SOURCE MATERIAL Start Marker
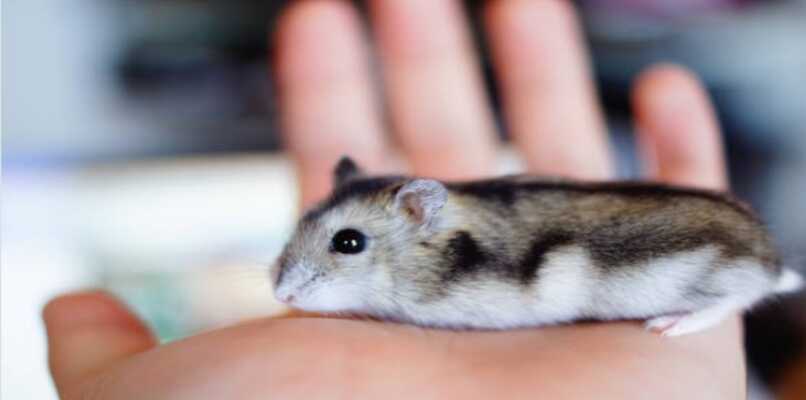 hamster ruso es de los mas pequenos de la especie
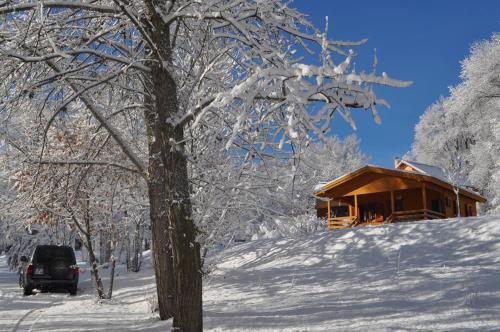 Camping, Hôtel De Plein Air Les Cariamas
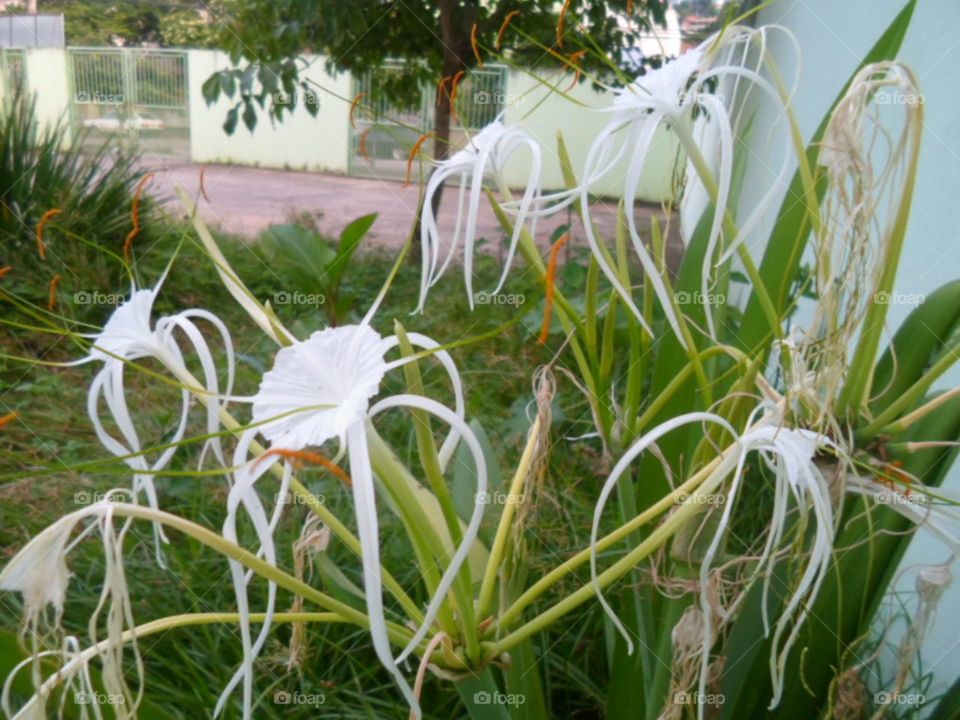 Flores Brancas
SOURCE MATERIAL End Marker
SOURCE MATERIAL Start Marker
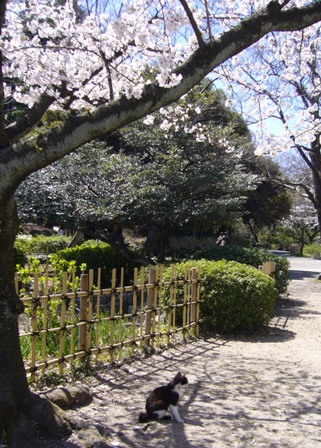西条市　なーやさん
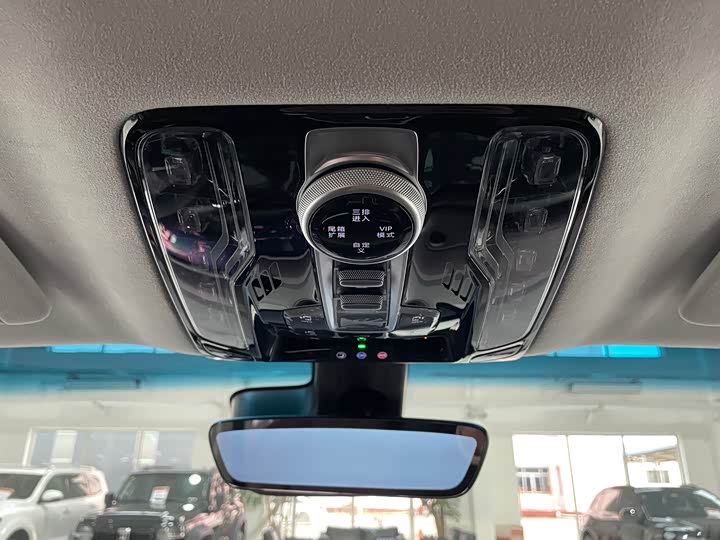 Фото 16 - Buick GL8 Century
SOURCE MATERIAL End Marker
» **WORK REQUIRED**: Because only one stretch of the records is wanted, please output the lines from the one holding "Camping, Hôtel De Plein Air Les Cariamas" through the one holding "Flores Brancas" exactly, both included, and leave every picture out.

» **FINISHED EXERCISE**:
 Camping, Hôtel De Plein Air Les Cariamas
 Flores Brancas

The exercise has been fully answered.